That's sad enough all by itself. But sadder still is the pernicious effect such a notion regarding Wagner's sources has on potential new audiences for the _Ring_. "What's that?" they rightly will say. "You expect us to take a course in Norse and Germanic mythology and legend before we enter the opera house to hear the _Ring_?"

No one, of course, except, perhaps, misguided souls of the sort referred to above, expects or requires them to do anything of the kind, least of all Wagner himself. Nor does the work itself expect or require it of them. The fact of the matter is that Wagner, being a man of the theater to the very core, had no expectation that his audiences would have even minimal knowledge of the content of the sources he consulted in his creation of the _Ring_. He knew full well that through his music and text he would provide everything necessary for an audience's understanding of his cosmic, epic drama. All he and the work would require of them is that they give their close and undivided attention to the work put before them.
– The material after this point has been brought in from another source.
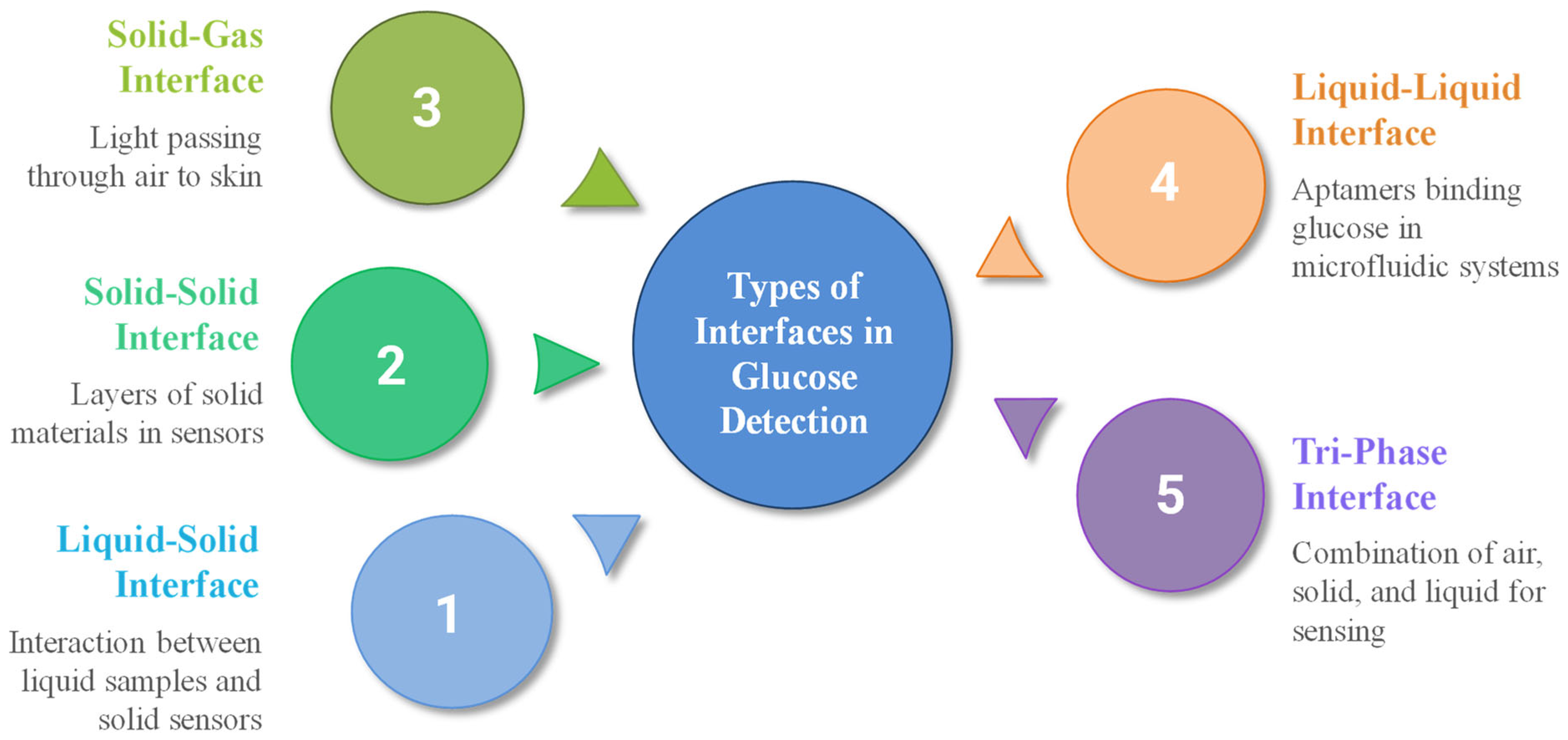 Chemosensors 13 00385 g007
That would be entirely sufficient and all that would be necessary, no knowledge of the content of the original sources required.
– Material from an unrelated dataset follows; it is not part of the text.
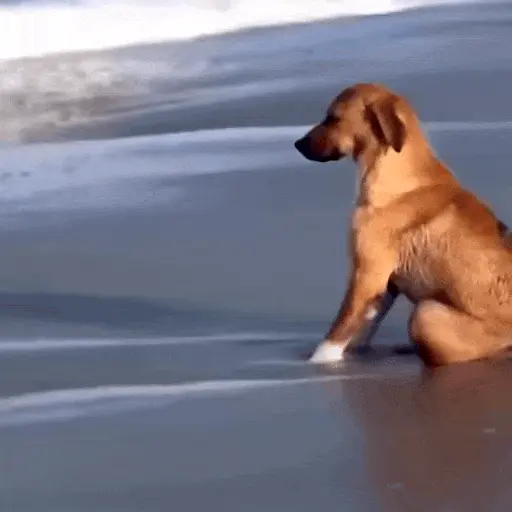 Perros Reacciones🐕🦴 2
And such, of course, is the real case. As always in the matter of understanding any of Wagner's music-dramas, his original sources are his business exclusively and none of ours (plural ours).
=== End Quote ===

--
ACD
http://www.soundsandfury.com/


----------



## Itullian (Aug 27, 2011)

Enter Woodduck


----------



## Woodduck (Mar 17, 2014)

You are absolutely right.

I would only say that investigating Wagner's sources gives us insight into the depth of his scholarship and his ability to select and synthesize according to his needs, and sets into relief the ways in which the personal mythology he so ingeniously created out of his source material is both highly original and truly modern. What we learn is how very _unlike_ their sources his works are.


----------



## Woodduck (Mar 17, 2014)

Itullian said:


> Enter Woodduck


There. You happy?


----------



## Itullian (Aug 27, 2011)

Woodduck said:


> There. You happy?


Always happy to read your Wagner posts.


----------



## AC Douglas (Jan 29, 2015)

Woodduck said:


> You are absolutely right.
> 
> I would only say that investigating Wagner's sources gives us insight into the depth of his scholarship and his ability to select and synthesize according to his needs, and sets into relief the ways in which the personal mythology he so ingeniously created out of his source material is both highly original and truly modern. What we learn is how very unlike their sources his works are.


An investigation into W's sources does indeed teach us all of that and a fascinating - and valuable - exercise it is, too; one I would recommend not only to all students of the _Ring_ but to all those who love the work.

--
ACD
http://www.soundsandfury.com/


----------



## tdc (Jan 17, 2011)

Having read some Norse Mythology before encountering Wagner's Opera _The Ring_, I can certainly see some influence there. I do find the subject material in the Wagner Operas quite intriguing at times, but not as interesting to me from a literary standpoint as the original mythology. His music more than makes up for any shortcomings in the narrative though.


----------



## amfortas (Jun 15, 2011)

tdc said:


> Having read some Norse Mythology before encountering Wagner's Opera _The Ring_, I can certainly see some influence there. I do find the subject material in the Wagner Operas quite intriguing at times, but not as interesting to me from a literary standpoint as the original mythology. His music more than makes up for any shortcomings in the narrative though.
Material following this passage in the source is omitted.